Measuring vegetation status by photography

Quick and efficient measurement to assess vegetation in natural ecosystems around Australia is being made possible by an innovative research project combining computer vision and environmental science.

University of Adelaide and TERN researchers are developing a method to automatically determine the biomass (total amount of plant material) by analysis of a set of panoramic photographs taken at wooded sites.

These images have been taken at 300 sites around the country in a variety of ecosystems to establish a baseline measure of the condition of Australia’s natural vegetation.

Research Associate Dr Ben Ward, from University of Adelaide’s Australian Centre for Visual Technologies in the School of Computer Science, is using computer vision and machine learning techniques to estimate the cross-section of each tree photographed at a standard height of 1.3 metres (known as the basal area measurement).

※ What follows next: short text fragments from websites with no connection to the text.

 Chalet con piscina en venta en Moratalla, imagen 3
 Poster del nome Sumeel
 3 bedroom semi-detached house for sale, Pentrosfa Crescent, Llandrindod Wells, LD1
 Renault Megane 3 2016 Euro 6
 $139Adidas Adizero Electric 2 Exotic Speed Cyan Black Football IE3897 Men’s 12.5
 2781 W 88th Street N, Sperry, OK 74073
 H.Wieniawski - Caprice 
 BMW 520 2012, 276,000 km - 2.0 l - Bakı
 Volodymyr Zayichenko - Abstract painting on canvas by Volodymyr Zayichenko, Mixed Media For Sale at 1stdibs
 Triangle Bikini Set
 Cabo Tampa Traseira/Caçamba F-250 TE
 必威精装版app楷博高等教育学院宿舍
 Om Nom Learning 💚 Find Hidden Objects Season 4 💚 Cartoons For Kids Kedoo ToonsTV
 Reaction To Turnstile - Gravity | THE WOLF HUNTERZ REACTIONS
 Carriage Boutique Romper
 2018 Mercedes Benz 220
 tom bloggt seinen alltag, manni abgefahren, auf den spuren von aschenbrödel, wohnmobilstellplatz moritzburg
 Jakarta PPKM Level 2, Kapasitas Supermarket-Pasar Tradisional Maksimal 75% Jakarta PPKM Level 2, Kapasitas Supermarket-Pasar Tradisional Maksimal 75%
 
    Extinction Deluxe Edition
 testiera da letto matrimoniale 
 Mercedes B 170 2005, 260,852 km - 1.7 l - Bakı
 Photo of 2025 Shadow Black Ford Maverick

Machine learning is a type of artificial intelligence involving pattern recognition of data.

“Our system analyses a set of three 360 degree panoramas from the centre of a site and then processes the images to produce a 3D reconstruction,” Dr Ward says.

“From that, the system automatically detects individual trees, estimates the diameter at 1.3 metre up the tree trunk and puts them all together for an overall estimate of the biomass of the site.

“This is a much more efficient method of biomass estimation than the standard method of direct measurement, which is very labour intensive, using laser readings which is very accurate but expensive, or other rapid measures which only provide crude estimates. The field method is quick and simple, and requires minimal training.”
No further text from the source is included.